The purpose of the workshop was to sensitize children and young people on conflict, peace, peace building and the importance of accepting different cultures. Participants listed their expectations from the workshop as; to comprehend and understand the importance of peace, to know what conflict is, to learn why conflicts happen; to get some helpful skills in conflict resolution; to learn how to create a peaceful environment; to be aware of what ignites conflicts; to learn how to strengthen peace and prevent conflicts.
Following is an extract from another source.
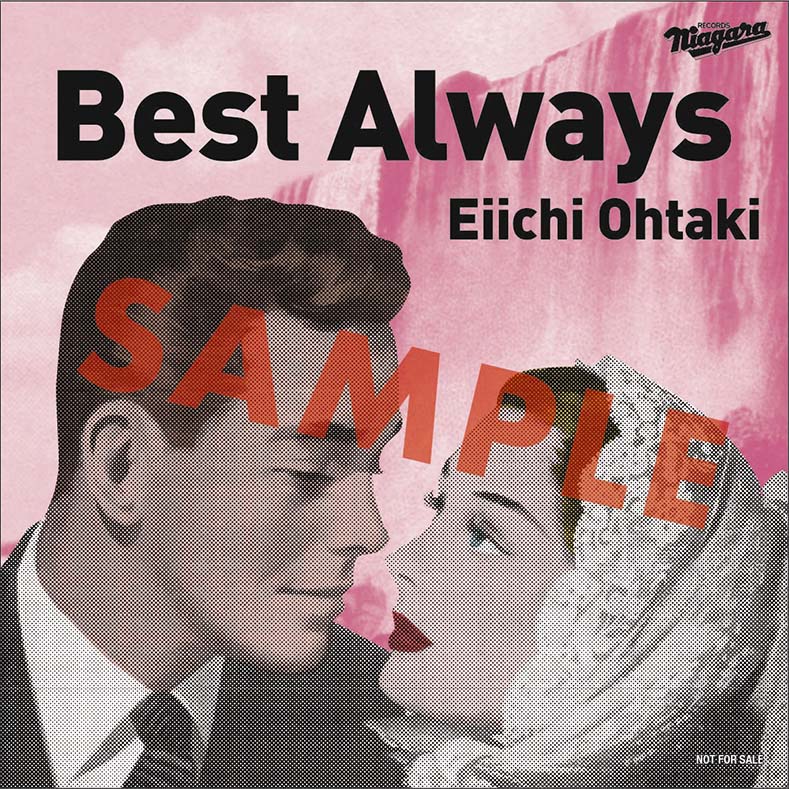 大滝詠一「Best Always」Sony Music Shop購入特典ステッカー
Once expectations were jotted down, participants also voiced their understanding of conflict as lack of understanding, conflicting interests, difference among people, confrontations, war, family and domestic problems, disagreements based on politics and management styles, lack of trust and violence. Participants said conflicts affected people’s emotions, physical body, and mental stability and needed to be managed, treated, prevented and resolved. Thus the facilitator using a participatory and an interactive learning approach, group work and presentations highlighted what was meant by peace and its importance for all communities. Conflict was illustrated as a situation that allows people to compete, hate and create violence.
The facilitator also commented on the tools that help people understand conflict, responses to conflict, and skills for responding to conflict. One student suggested that one good skill in responding to conflict is to manage one’s temper and stress, and to avoid unfair and irrational treatment.
The most important session was the one comprising peer mediation. Most of the participants said that they liked this part of the workshop the most. They learnt the steps in peer mediating and to practice these steps, the facilitator requested some volunteers to play the role of a mediation team and conflicting students. There was an assumption that two students conflicted over a text book and every one of them claimed to have the right to read the book. The book belonged to the school they went. Therefore, two participants acted as mediators while they followed the four-step process of peer mediation;
When students gained knowledge on peer mediation, the facilitator moved to other broad themes designed to help the participants understand themselves and the world. He shed light on understanding of self; others, the world, relationships, child, youth, change and other terms which assisted participants understand how people can leave together. This session was guided by the GNRC LLT Toolkit. Finally, the facilitator gave details on peace clubs, their importance and possibilities of launching strong peace clubs in their schools.
The Borama peace building workshop managed to train thirty five students on peace, conflict, peer mediation, and peace club formation and management. Students form each school formed a peace club of their own with the aim of working in the mediation and resolution of conflicts among students, establishing a culture that accepts others and encourages peace initiatives, improve school environment by tree planting, promote healthy school debates and information sharing sessions and sports activities.